§ PROBLEM
Output, exactly and in full, only the lines from the one containing "Checker Deluxe - Screenshot 1" to the last line of the data. Pictures should not appear.

(Image-text web data)
_ _ _

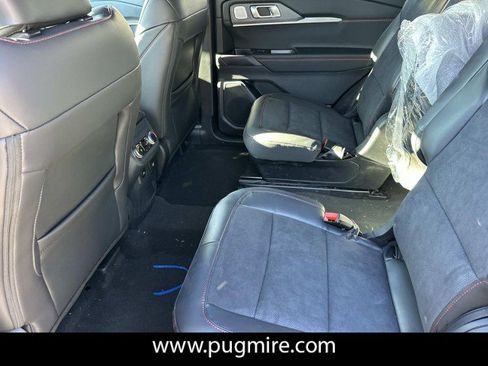New 2026 Ford Explorer ST w/ Sun And Sound Package RWD image 20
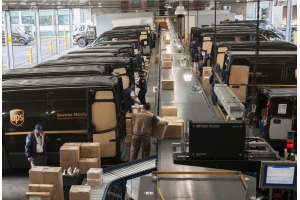 <b>ups國(guó)際快遞投遞速度怎么樣</b>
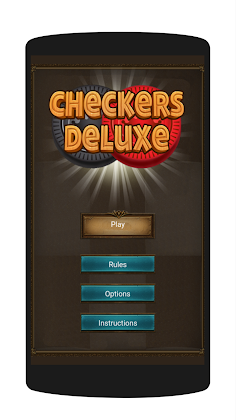 Checker Deluxe - Screenshot 1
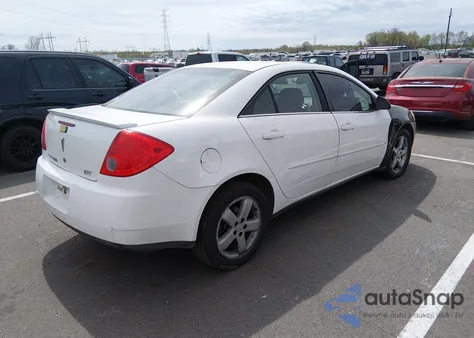 2009 Pontiac G6 Gt from USA, damaged, VIN 1G2ZH57N094106392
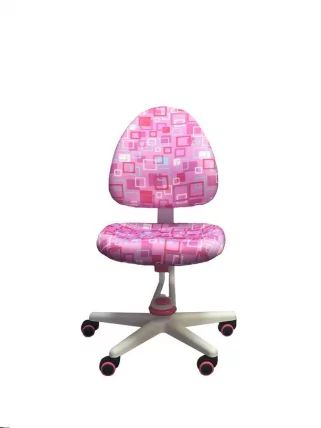 Компьютерное кресло Libao LB-C20 (розовый)_0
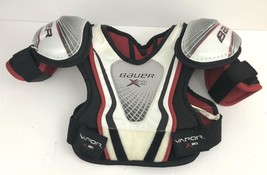 Bauer Vapor X20 Youth Size S/P Hockey Shoulder Pads - £15.54 GBP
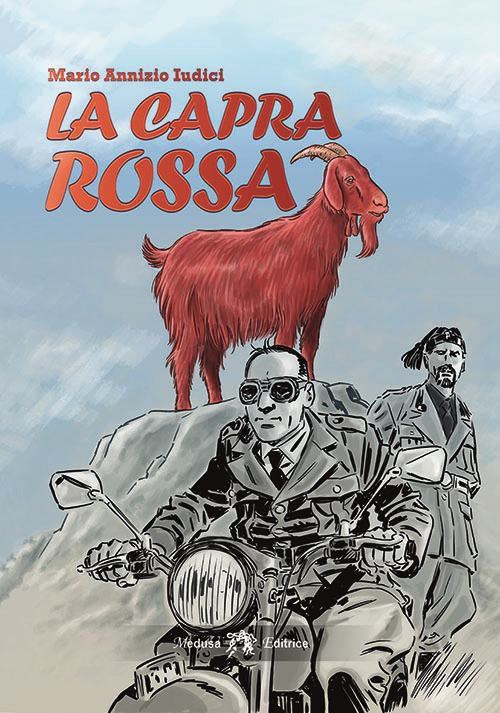 La capra rossa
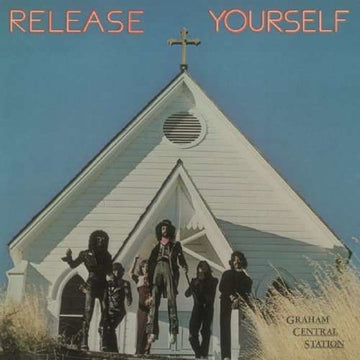 Graham Central Station : Release Yourself (CD, Album, RE)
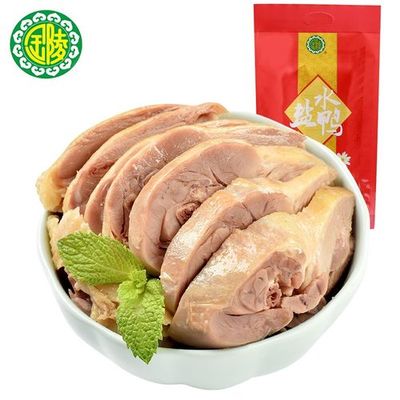 南京鸭肉零食大全 不容错过的地道美味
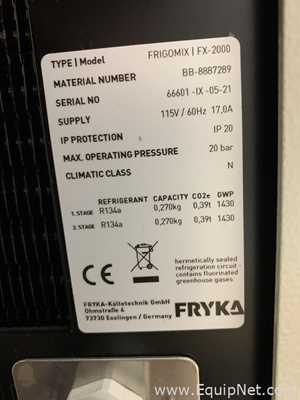 Sartorius BioStat STR-3 50 Liter Single Use Bioreactor - BR08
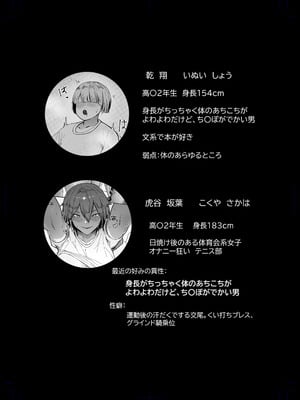 [肋骨さん (アバラくん)] 私の玩具くん2 [中国翻訳]_02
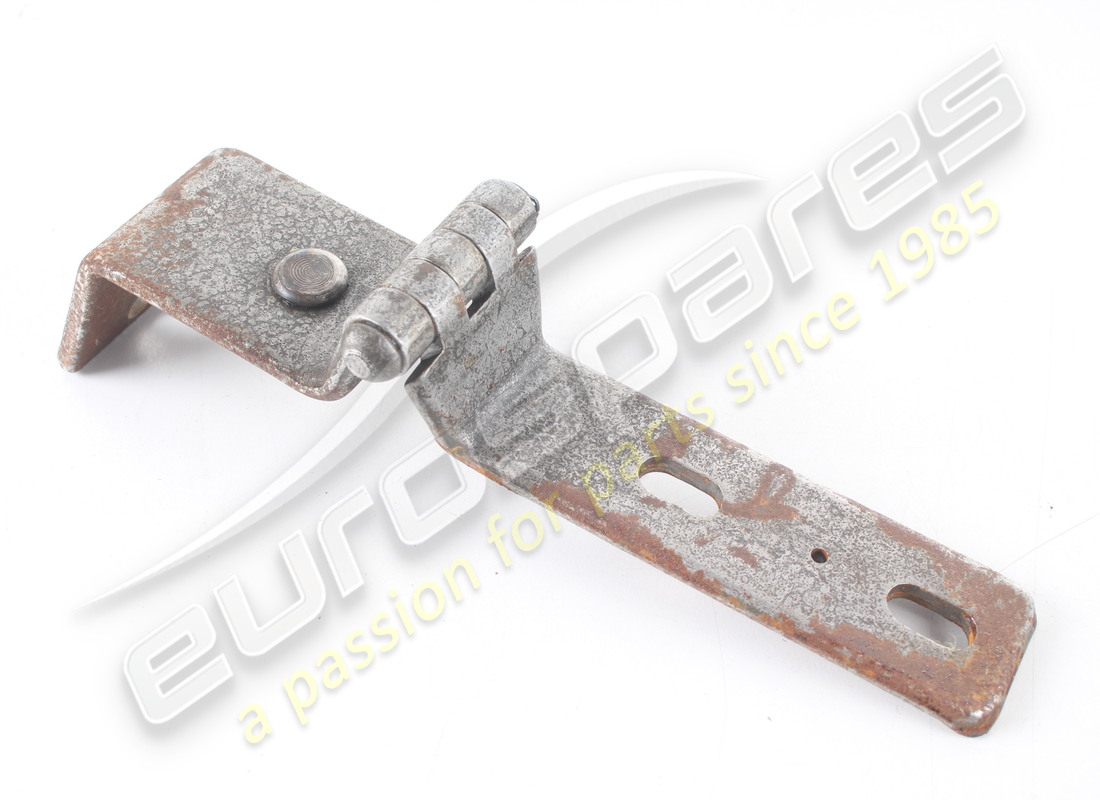 nueva ferrari bisagra de capó completa. número de pieza 61255200 (2)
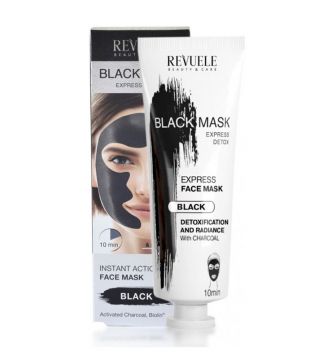 Revuele - Black Mask Express Detox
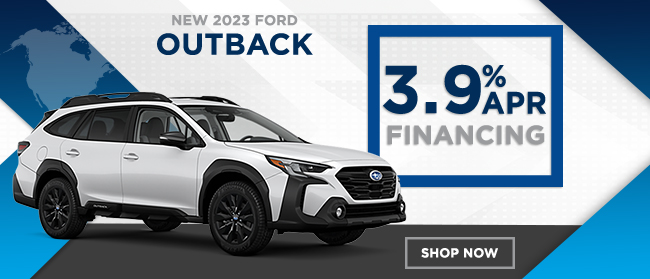 2023 ford outback
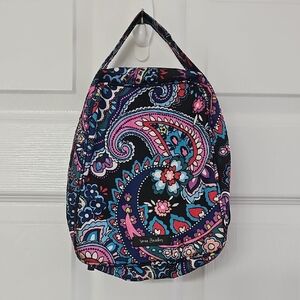 Vera Bradley Women's Multicolor Paisley Bag LUNCH BAG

_ _ _

§ ANSWER AREA
 Checker Deluxe - Screenshot 1
 2009 Pontiac G6 Gt from USA, damaged, VIN 1G2ZH57N094106392
 Компьютерное кресло Libao LB-C20 (розовый)_0
 Bauer Vapor X20 Youth Size S/P Hockey Shoulder Pads - £15.54 GBP
 La capra rossa
 Graham Central Station : Release Yourself (CD, Album, RE)
 南京鸭肉零食大全 不容错过的地道美味
 Sartorius BioStat STR-3 50 Liter Single Use Bioreactor - BR08
 [肋骨さん (アバラくん)] 私の玩具くん2 [中国翻訳]_02
 nueva ferrari bisagra de capó completa. número de pieza 61255200 (2)
 Revuele - Black Mask Express Detox
 2023 ford outback
 Vera Bradley Women's Multicolor Paisley Bag LUNCH BAG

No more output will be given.